## Data extracts
####################

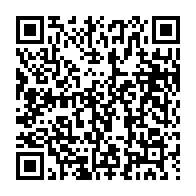 qrcode:https://www.infos.ga/coupe-de-la-caf-bouenguidi-sports-appele-a-l-exploit-ce-dimanche,705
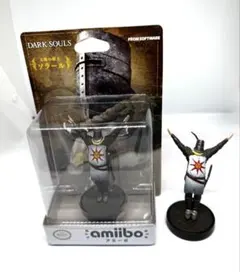 2026年最新】ソラール amiiboの人気アイテム - メルカリ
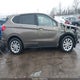 LRBFXBSA3HD067685 2017 Buick Envision Essence auction photo thumbnail 14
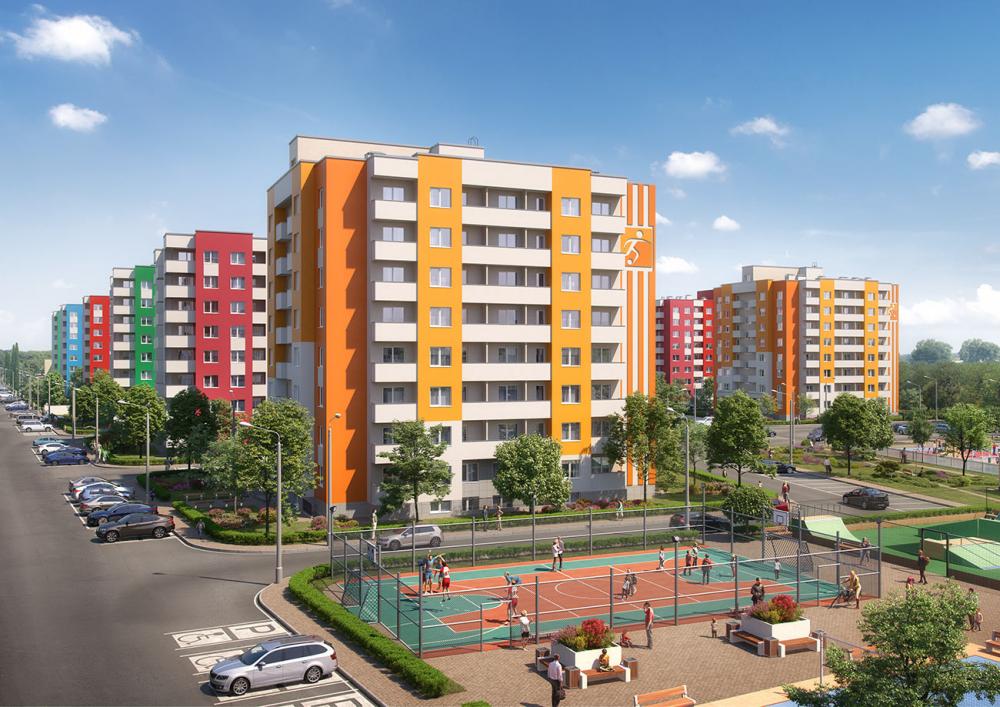 ООО "Группа Компаний АВА"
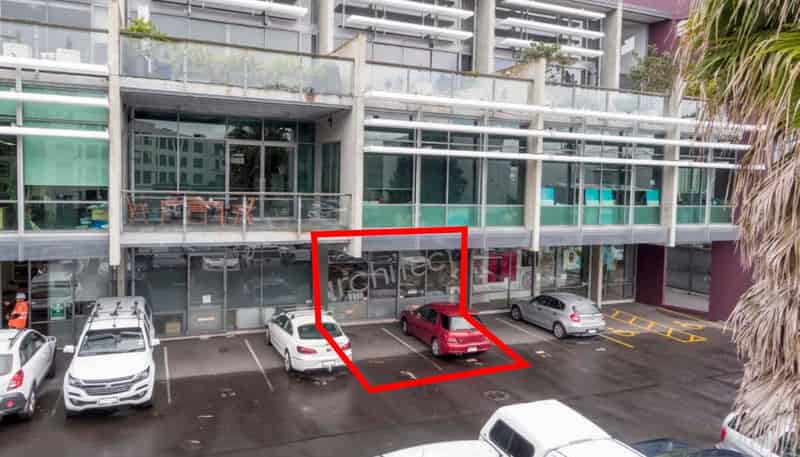 Unit G02/23 Edwin Street, Mount Eden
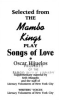 Selected_from_The_Mambo_Kings_play_songs_of_love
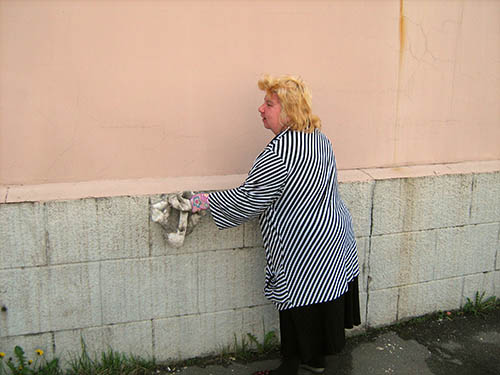 IMG_29.04.17_7.jpg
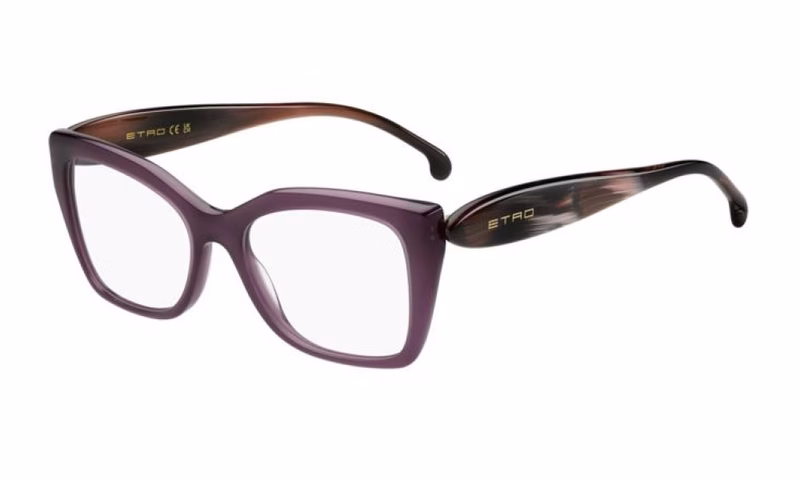 Etro 0087 QHO Etro 0087 QHO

####################

Provide a precise transcription of the listing, excluding each picture.

## Solution below
 qrcode:https://www.infos.ga/coupe-de-la-caf-bouenguidi-sports-appele-a-l-exploit-ce-dimanche,705
 2026年最新】ソラール amiiboの人気アイテム - メルカリ
 LRBFXBSA3HD067685 2017 Buick Envision Essence auction photo thumbnail 14
 ООО "Группа Компаний АВА"
 Unit G02/23 Edwin Street, Mount Eden
 Selected_from_The_Mambo_Kings_play_songs_of_love
 IMG_29.04.17_7.jpg
 Etro 0087 QHO Etro 0087 QHO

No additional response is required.